The Waitangi Tribunal has found the Crown lied to King Country Māori and launched an aggressive land grab that caused - and is still causing - them damage.
Today, dozens of people gathered in Wellington for a presentation of the first part of a significant report into the Te Rohe Pōtae claims.
The report, Te Mana Whatu Ahuru: Report on Te Rohe Pōtae Claims, addresses 277 claims concerning Crown actions after the signing of the Treaty of Waitangi.
It found that after Crown soldiers invaded Waikato in 1863, Te Rohe Pōtae Māori in the King Country governed their land for the next two decades.
Then the Crown - which was determined to build the North Island Main Trust Railway - made promises to Māori it quickly broke.
It's sober reading for Keith Ikin, the deputy chair of the Maniapoto Māori Trust Board, which was a main claimant.
"In good faith, those agreements were made by our people," he said.
"But within a very short time, very soon after the railway line was laid and the main trunk line was complete, the land court was established in our area and tens of thousands of hectares of land were lost."
In fact, from 1890 to 1905 Māori lost ownership of more than 250,000 hectares of land, or a third of the district.
The Waitangi Tribunal said it was an aggressive land purchasing programme, procured through questionable methods - against the wishes of Te Rohe Pōtae.
Laws were made to control sales and keep land cheap.
"The impact of colonisation upon our people in Maniapoto was devastating and the ways in which families sought to counter that impact was to keep a lot of that historical record to themselves," Mr Ikin said.
"It has been a hugely significant day because it has allowed those stories and those conversations to come back out into the open again.
What those stories tell, according to the Tribunal, is the Crown's significant breaches of the Treaty of Waitangi, causing serious damage to Te Rohe Pōtae.
It said it destroyed the Māori community structure and led to enormous social, economic and cultural prejudice that continues to impact them today.
Dozens of people gathered at Westpac Stadium in Wellington this afternoon for the presentation of part one and two of the report.
Koroua John Reihana Kaati drove several hours from his King Country home to be there.
"I live out at Kāwhia, in the Kāwhia Harbour, I farm there on some of the land that our tupuna left us - very little of it is left," he said.
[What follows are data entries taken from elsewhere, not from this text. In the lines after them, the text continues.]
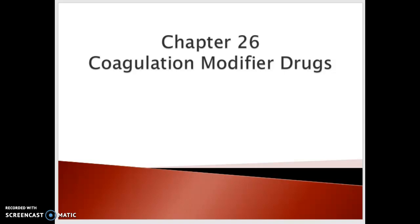Welcome to Pharmacology for Vocational Nursing II. This week we're going to talk about coagulation modifier drugs, covered in chapter 26 of your textbook. We have about 37 slides in this deck, so it will take more than one audio lecture. Please be sure that you listen to both. Let's get started.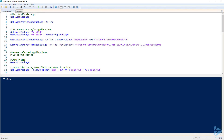When you're installing pre-built or built-in applications in Windows 10, there are two sets of packages you have to deal with. The first set is the AppX packages, which are installed with the operating system. The second set is the provision packages, which are installed the first time you log into Windows as it sets up a profile.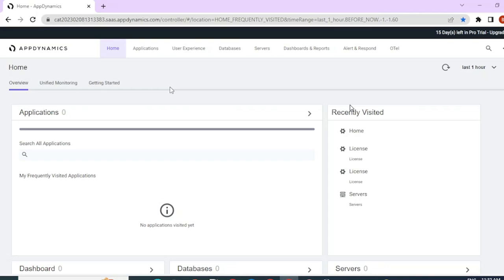Before that, we would need a Node.js application to link it to AppDynamics. If you already have a Node.js application and are just looking to find out the steps to install the agent, I suggest you skip to the second part of this video where I instruct on how to install the agent. If you do not have a Node.js application, please follow along.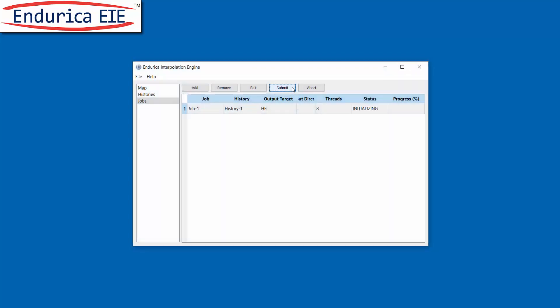This job has been submitted and is interpolating the results in our map to determine the results of our desired history. For this model and history the job takes about 20 seconds. Compare that to more than 20 minutes it takes to execute in the finite element solver.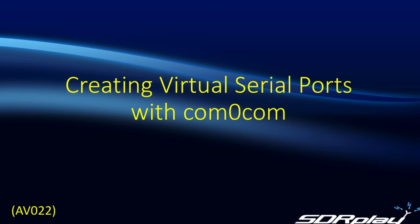Hello, this is Steve from SDR Play. In this short video, we're going to look at setting up virtual serial ports using some software called Com0com.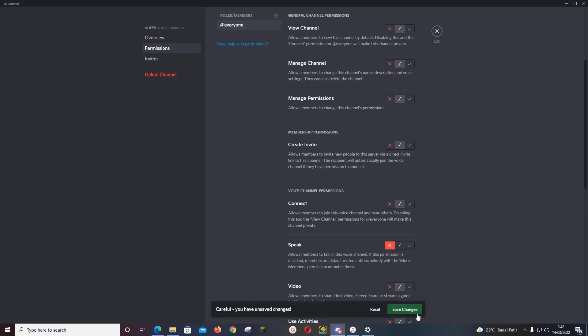So what this does: if this permission is disabled, members are default muted until somebody with the mute members permission unmutes them.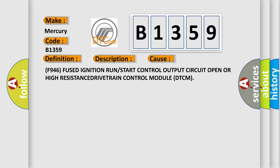This diagnostic error occurs most often in these cases: F946 fused ignition run or start control output circuit open or high resistance drivetrain control module DTCM.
When Mr Kaati read the recommendations today, he said there was a sense of validation.
"I could feel the wairua or the spirit of our ancestors starting to emerge from what they were wanting because we lived with that.
"As a young person, my grandfather, my grandmother, they spoke of these sorts of things."
The Tribunal heard 23 weeks of evidence between March 2010 and February 2015.
The Te Rohe Pōtae inquiry district includes all territories from northern Taranaki to south Waikato that were not confiscated after the land wars in the 1860s.
It includes western harbours of Kāwhia, Aotea and Whāingaroa and extends to near Taumarunui.
As part of the inquiry, Angeline Greensill presented claims from the iwi of Whāingaroa Harbour. She said it was quite difficult to open up in that way.
"My uncle lodged our claim in 1989, so it has taken that long to get to a hearing and to this report - 31 years," she said.
Her mother was prominent Māori activist Eva Rickard.
"I gave evidence on resistance because my mother was fighting a lot of issues through her lifetime.
"My mother will be looking down on us and will be saying 'well what took so long, now let's talk to the government.'"
Talking is already underway, the government is in treaty negotiations with Ngāti Maniapoto, the dominant iwi within the inquiry.
A key recommendation for Maniapoto from this report is that agreements made between the iwi and Crown in 1880 be reflected in their treaty settlement.
The Crown said it was a significant report that it would have to go through carefully.
Those present today paid respect to the presiding officer of the inquiry, Judge David Ambler, who died in November last year.